◆ **Instructions to follow**
Everything from the line with "The Champagne Pearl Gift Set" through the end of the entries must be transcribed exactly; no other lines belong in the answer.

============================================================

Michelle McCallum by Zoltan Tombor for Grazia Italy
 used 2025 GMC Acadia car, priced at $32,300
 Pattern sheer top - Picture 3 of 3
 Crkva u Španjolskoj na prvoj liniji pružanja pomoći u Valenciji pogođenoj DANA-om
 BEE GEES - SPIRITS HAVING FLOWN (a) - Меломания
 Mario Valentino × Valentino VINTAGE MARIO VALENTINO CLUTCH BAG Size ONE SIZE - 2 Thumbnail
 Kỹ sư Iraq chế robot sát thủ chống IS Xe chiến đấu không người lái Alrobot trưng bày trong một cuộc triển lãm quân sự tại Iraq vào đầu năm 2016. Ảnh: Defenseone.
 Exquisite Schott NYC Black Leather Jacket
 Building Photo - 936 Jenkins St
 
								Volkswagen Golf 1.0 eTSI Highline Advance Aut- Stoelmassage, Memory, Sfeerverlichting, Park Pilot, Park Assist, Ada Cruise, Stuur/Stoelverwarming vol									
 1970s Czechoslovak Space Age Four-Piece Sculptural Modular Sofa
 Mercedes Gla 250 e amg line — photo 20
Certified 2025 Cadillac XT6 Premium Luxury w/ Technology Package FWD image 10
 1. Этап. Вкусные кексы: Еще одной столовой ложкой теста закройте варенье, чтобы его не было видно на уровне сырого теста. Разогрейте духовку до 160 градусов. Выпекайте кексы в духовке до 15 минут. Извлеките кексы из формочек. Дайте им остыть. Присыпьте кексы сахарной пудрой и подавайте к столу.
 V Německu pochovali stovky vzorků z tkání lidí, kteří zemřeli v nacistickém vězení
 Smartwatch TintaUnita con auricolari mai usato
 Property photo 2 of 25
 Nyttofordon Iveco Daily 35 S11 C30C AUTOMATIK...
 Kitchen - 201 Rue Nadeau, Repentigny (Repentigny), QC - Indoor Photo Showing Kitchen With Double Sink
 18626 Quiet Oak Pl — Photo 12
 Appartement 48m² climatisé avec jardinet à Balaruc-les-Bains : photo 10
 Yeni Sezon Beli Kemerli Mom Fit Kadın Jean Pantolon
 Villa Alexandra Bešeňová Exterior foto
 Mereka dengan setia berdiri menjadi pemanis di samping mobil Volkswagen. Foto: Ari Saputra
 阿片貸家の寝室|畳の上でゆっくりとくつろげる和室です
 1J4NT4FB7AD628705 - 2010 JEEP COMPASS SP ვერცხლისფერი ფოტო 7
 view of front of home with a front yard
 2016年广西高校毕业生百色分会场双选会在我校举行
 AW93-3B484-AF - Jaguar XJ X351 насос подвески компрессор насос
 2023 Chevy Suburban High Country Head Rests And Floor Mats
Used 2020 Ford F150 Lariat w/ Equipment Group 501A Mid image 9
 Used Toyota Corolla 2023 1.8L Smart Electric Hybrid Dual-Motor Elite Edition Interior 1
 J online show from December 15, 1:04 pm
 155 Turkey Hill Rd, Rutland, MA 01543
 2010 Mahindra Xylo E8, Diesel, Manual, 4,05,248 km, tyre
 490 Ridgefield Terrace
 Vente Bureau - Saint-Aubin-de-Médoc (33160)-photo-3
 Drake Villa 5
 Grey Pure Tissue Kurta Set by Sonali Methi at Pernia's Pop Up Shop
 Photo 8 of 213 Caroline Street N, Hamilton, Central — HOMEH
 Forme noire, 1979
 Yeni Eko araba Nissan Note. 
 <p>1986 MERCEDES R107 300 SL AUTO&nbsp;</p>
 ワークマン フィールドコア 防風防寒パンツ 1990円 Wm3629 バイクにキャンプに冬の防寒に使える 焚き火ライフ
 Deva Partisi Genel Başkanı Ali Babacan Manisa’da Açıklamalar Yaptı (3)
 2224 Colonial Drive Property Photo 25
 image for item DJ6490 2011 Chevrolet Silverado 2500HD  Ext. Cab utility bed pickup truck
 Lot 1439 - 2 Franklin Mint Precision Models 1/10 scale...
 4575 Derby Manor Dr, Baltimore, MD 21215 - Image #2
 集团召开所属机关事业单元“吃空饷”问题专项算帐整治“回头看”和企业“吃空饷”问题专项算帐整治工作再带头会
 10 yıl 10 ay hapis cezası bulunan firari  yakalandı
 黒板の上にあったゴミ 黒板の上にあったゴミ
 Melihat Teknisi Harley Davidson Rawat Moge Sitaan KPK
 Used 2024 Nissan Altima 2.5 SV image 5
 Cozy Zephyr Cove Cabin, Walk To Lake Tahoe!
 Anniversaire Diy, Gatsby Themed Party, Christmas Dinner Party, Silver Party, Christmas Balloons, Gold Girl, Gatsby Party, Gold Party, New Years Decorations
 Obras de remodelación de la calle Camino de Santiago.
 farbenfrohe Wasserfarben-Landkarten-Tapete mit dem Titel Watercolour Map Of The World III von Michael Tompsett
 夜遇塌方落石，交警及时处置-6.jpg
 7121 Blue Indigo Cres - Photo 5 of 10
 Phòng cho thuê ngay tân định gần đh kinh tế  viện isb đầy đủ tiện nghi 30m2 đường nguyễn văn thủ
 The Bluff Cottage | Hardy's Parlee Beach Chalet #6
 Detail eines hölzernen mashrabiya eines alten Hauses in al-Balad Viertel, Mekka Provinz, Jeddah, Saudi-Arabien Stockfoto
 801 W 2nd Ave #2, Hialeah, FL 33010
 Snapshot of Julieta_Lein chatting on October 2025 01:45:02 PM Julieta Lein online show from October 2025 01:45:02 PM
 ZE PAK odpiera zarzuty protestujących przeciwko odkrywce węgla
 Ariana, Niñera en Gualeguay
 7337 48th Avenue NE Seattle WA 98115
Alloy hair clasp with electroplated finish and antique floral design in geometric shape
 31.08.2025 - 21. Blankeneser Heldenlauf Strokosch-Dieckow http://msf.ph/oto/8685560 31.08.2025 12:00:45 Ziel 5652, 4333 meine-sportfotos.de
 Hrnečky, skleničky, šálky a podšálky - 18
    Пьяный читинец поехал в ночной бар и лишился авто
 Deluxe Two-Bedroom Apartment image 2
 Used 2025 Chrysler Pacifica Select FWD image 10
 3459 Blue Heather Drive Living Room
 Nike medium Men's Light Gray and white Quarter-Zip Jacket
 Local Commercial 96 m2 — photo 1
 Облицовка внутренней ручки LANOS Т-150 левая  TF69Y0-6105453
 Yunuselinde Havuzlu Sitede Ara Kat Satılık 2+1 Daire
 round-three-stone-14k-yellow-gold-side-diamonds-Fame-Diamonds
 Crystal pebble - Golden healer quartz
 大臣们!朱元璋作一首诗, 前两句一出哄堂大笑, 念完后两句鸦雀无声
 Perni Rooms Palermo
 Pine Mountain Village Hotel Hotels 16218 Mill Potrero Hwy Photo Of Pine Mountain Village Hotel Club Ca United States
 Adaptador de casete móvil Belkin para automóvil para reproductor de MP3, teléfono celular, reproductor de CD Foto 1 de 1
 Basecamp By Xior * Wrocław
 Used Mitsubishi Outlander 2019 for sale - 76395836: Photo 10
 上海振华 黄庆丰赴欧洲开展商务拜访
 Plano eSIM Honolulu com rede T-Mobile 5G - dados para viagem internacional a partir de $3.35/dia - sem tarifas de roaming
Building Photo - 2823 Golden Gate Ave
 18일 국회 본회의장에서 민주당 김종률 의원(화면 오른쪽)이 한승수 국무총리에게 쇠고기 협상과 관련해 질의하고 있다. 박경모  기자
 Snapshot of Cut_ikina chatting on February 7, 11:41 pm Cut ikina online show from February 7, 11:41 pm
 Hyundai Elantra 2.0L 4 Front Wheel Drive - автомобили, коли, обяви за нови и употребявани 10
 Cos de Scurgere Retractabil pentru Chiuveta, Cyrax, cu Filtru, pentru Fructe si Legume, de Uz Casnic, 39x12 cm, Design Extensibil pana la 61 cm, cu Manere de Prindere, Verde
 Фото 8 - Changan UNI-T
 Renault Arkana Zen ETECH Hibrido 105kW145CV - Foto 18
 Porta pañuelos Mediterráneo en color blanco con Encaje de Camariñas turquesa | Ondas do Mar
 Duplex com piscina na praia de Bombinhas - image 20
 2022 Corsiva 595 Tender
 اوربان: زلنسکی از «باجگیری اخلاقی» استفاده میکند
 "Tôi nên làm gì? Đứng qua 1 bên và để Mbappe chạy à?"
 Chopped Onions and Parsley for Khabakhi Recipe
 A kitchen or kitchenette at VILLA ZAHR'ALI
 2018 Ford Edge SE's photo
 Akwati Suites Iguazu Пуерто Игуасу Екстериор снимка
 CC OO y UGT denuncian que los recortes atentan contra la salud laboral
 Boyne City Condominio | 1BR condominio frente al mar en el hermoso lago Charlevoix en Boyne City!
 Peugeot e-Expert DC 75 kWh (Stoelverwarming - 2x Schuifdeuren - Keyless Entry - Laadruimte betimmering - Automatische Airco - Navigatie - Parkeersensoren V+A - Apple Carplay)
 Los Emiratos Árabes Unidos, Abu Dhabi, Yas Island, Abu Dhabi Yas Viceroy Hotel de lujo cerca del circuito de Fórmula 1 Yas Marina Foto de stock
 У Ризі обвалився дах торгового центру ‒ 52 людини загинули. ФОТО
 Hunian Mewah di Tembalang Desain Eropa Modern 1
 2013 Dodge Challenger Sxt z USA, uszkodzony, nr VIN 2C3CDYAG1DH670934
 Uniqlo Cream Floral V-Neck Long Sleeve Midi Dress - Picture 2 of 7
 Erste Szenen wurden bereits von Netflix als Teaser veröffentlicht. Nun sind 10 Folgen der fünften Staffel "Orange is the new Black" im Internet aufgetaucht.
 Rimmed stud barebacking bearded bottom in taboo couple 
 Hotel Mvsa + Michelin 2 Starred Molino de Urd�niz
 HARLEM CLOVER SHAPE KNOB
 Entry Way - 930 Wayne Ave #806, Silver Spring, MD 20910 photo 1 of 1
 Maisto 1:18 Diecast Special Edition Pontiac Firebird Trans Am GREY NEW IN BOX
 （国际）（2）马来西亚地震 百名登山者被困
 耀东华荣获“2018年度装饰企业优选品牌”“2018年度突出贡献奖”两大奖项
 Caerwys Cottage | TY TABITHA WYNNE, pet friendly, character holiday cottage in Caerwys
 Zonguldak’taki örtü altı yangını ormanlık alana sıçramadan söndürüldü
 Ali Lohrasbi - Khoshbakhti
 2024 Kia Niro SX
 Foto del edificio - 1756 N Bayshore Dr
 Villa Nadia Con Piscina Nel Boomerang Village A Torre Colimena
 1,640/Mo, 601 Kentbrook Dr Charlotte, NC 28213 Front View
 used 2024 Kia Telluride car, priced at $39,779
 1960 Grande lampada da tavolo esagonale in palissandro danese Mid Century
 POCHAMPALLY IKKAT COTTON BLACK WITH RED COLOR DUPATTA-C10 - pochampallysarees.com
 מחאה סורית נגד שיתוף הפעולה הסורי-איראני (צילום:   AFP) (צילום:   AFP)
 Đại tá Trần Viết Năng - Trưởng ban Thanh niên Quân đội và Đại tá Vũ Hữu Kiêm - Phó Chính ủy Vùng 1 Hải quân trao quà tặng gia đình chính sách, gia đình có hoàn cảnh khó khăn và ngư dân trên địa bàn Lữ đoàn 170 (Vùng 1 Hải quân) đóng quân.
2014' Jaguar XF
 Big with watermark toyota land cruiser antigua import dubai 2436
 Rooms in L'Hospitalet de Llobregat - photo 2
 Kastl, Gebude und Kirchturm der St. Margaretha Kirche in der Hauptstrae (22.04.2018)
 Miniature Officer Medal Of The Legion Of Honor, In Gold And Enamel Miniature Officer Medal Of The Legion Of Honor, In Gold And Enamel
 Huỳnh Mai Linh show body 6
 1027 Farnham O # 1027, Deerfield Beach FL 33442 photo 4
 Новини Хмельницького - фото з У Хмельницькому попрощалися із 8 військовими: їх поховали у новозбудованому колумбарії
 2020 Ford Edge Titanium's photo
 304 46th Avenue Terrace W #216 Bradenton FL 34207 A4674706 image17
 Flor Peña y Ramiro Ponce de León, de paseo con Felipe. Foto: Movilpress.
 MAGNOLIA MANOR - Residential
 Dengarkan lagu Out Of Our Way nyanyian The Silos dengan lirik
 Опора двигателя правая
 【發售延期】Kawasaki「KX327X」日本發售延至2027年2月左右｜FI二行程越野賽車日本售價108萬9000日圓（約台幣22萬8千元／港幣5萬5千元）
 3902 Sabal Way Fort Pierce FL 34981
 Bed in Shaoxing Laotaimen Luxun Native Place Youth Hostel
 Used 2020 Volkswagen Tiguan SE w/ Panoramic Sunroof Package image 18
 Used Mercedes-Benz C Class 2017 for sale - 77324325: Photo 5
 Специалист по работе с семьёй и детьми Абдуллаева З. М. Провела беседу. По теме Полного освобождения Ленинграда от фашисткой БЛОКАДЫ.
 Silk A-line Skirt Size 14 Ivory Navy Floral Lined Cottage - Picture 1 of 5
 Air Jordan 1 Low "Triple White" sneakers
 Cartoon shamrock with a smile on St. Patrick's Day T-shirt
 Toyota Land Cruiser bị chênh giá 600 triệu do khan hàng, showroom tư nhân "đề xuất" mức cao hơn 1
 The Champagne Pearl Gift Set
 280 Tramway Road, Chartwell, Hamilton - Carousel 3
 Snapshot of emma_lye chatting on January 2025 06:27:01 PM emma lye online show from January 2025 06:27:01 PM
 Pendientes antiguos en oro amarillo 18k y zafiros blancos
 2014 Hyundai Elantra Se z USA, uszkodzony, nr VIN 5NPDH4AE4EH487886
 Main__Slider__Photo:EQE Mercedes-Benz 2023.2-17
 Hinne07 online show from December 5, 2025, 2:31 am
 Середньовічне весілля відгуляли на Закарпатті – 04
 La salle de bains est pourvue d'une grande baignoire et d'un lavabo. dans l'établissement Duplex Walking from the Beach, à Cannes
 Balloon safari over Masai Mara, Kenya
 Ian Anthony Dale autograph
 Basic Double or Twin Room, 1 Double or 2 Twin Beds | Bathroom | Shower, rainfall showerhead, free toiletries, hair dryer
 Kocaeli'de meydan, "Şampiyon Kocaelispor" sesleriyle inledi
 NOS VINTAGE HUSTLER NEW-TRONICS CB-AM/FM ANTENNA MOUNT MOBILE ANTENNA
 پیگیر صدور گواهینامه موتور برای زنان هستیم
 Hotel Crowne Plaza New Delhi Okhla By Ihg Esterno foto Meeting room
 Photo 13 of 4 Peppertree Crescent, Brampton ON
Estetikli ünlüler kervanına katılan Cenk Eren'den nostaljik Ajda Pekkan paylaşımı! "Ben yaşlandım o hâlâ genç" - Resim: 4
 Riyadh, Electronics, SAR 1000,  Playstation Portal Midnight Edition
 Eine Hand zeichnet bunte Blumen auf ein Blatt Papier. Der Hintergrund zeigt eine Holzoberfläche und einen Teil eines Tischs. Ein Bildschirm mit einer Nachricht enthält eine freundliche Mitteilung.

============================================================

◆ **Response**
 The Champagne Pearl Gift Set
 280 Tramway Road, Chartwell, Hamilton - Carousel 3
 Snapshot of emma_lye chatting on January 2025 06:27:01 PM emma lye online show from January 2025 06:27:01 PM
 Pendientes antiguos en oro amarillo 18k y zafiros blancos
 2014 Hyundai Elantra Se z USA, uszkodzony, nr VIN 5NPDH4AE4EH487886
 Main__Slider__Photo:EQE Mercedes-Benz 2023.2-17
 Hinne07 online show from December 5, 2025, 2:31 am
 Середньовічне весілля відгуляли на Закарпатті – 04
 La salle de bains est pourvue d'une grande baignoire et d'un lavabo. dans l'établissement Duplex Walking from the Beach, à Cannes
 Balloon safari over Masai Mara, Kenya
 Ian Anthony Dale autograph
 Basic Double or Twin Room, 1 Double or 2 Twin Beds | Bathroom | Shower, rainfall showerhead, free toiletries, hair dryer
 Kocaeli'de meydan, "Şampiyon Kocaelispor" sesleriyle inledi
 NOS VINTAGE HUSTLER NEW-TRONICS CB-AM/FM ANTENNA MOUNT MOBILE ANTENNA
 پیگیر صدور گواهینامه موتور برای زنان هستیم
 Hotel Crowne Plaza New Delhi Okhla By Ihg Esterno foto Meeting room
 Photo 13 of 4 Peppertree Crescent, Brampton ON
Estetikli ünlüler kervanına katılan Cenk Eren'den nostaljik Ajda Pekkan paylaşımı! "Ben yaşlandım o hâlâ genç" - Resim: 4
 Riyadh, Electronics, SAR 1000,  Playstation Portal Midnight Edition
 Eine Hand zeichnet bunte Blumen auf ein Blatt Papier. Der Hintergrund zeigt eine Holzoberfläche und einen Teil eines Tischs. Ein Bildschirm mit einer Nachricht enthält eine freundliche Mitteilung.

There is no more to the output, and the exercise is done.